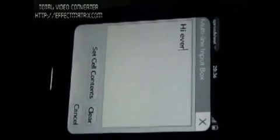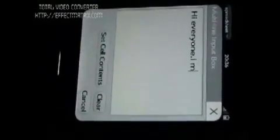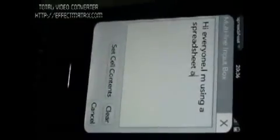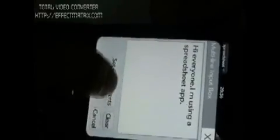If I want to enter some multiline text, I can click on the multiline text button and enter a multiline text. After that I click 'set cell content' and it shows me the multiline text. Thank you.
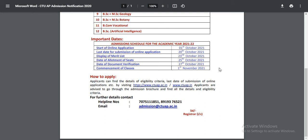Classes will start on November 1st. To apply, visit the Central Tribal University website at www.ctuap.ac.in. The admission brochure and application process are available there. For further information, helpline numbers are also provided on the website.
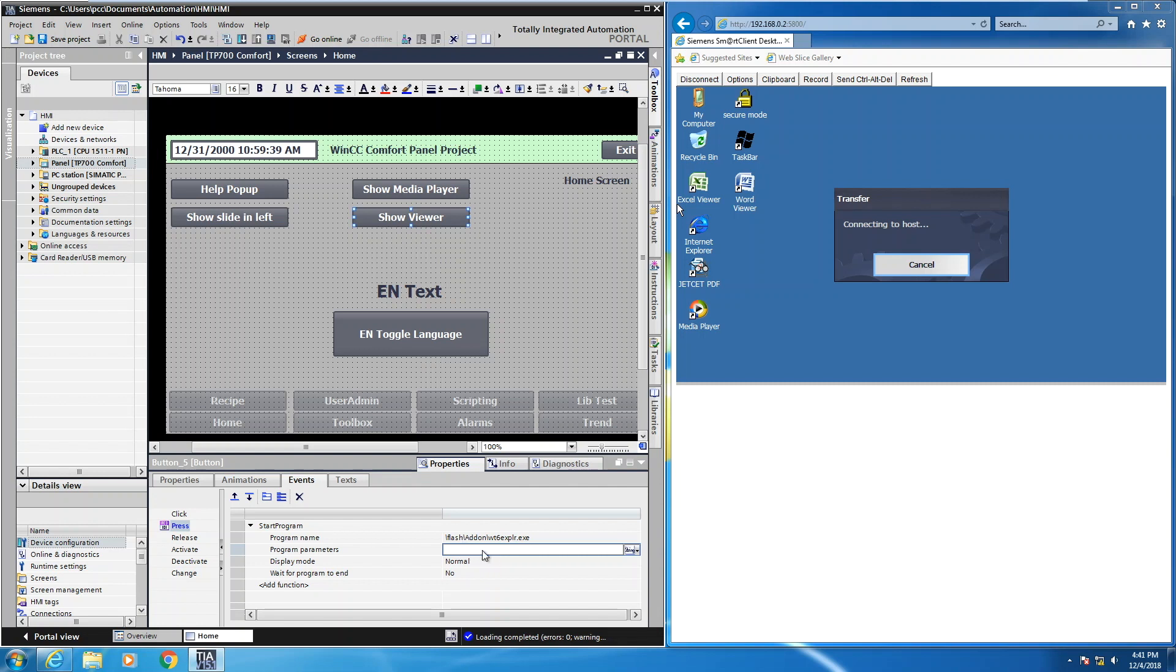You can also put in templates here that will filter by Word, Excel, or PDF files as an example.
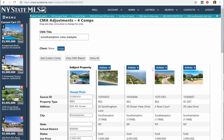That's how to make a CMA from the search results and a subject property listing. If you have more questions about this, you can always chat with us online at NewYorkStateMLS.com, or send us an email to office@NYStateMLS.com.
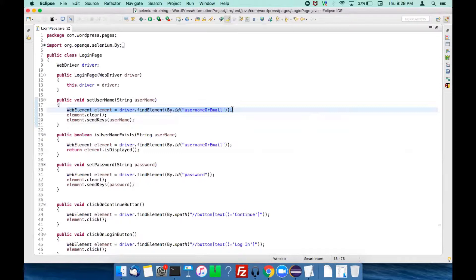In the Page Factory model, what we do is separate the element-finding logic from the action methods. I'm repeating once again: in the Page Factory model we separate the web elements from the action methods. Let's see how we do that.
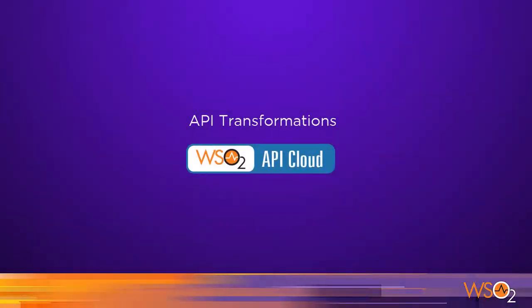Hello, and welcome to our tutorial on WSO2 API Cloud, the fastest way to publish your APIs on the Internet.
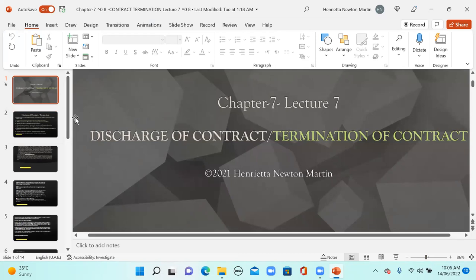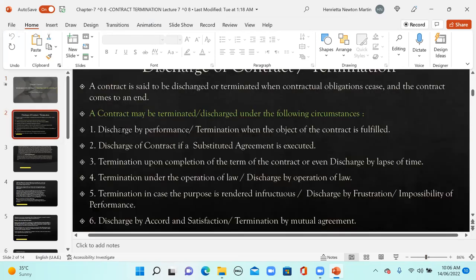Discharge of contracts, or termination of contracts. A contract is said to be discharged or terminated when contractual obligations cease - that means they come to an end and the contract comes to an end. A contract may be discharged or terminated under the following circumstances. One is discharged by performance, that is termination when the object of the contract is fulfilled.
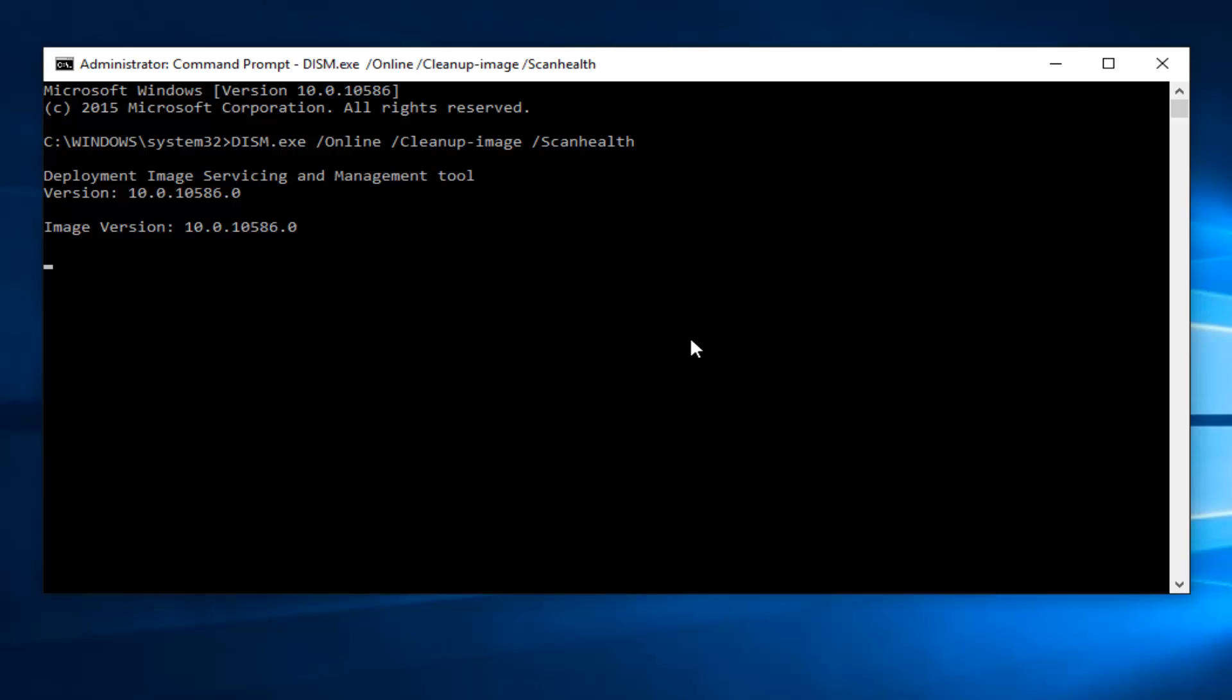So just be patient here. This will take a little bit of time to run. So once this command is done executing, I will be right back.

## Task instructions:
Going by the data above, the answer is exactly the lines from the one holding "In the Page Factory model, what" to the one holding "Discharge of contracts, or", both kept, with the pictures left out.

## Finished exercise:
In the Page Factory model, what we do is separate the element-finding logic from the action methods. I'm repeating once again: in the Page Factory model we separate the web elements from the action methods. Let's see how we do that.
Hello, and welcome to our tutorial on WSO2 API Cloud, the fastest way to publish your APIs on the Internet.
Discharge of contracts, or termination of contracts. A contract is said to be discharged or terminated when contractual obligations cease - that means they come to an end and the contract comes to an end. A contract may be discharged or terminated under the following circumstances. One is discharged by performance, that is termination when the object of the contract is fulfilled.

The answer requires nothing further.